L’Homme se leva d’un seul bond de son siège de bois sculpté pour accueillir son hôte et lui secoua énergiquement la main. Puis il passa ses doigts dans ses épaisses moustaches, l’air soudain préoccupé.

- Vous pouvez travailler pour moi ?

Son interlocuteur était un jeune elfe de moyenne stature aux cheveux en bataille. Il portait à la taille une large ceinture de cuir gravé à laquelle était attaché un fourreau vide. Il balaya du regard la pièce sans prêter attention au gros bonhomme assis derrière sa table de travail  puis déclara.

- Les affaires marchent plutôt bien…

- C’est un travail très bien payé. Une mission très importante et …secrète.

- Pourquoi faire appel à moi ?

- Vous êtes mon meilleur élément.

- Je croyais être le second. ODERZAK serait-il mort ? dit-il en esquissant un sourire.

- Non, non… Il est déjà en mission dans le Nord et ne reviendra que dans 4 jours.

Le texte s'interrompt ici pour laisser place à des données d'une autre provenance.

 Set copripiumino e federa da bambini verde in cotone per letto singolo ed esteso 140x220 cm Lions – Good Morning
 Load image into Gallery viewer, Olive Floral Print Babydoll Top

- Vous pourriez attendre ?

- Pas pour cette missive. Bon, vous acceptez ou bien il faut que je me mette à genoux, dit l’homme, visiblement impatient.

- De quoi s’agit-il et combien est-ce payé ?

- Cela vous rapportera 100 billes d’ambre…

- …C’est tout ! s’exclama l’elfe visiblement stupéfait. Je ne suis pas intéressé.

L’autre se leva et passa sa main sur son crâne presque chauve. Il se dirigea ensuite vers un placard situé dans le coin le plus sombre de la pièce, sortit une clé argentée de sa poche et ouvrit le tiroir central du meuble pour en sortir un petit sac avec une précaution extrême. Puis, il le secoua légèrement.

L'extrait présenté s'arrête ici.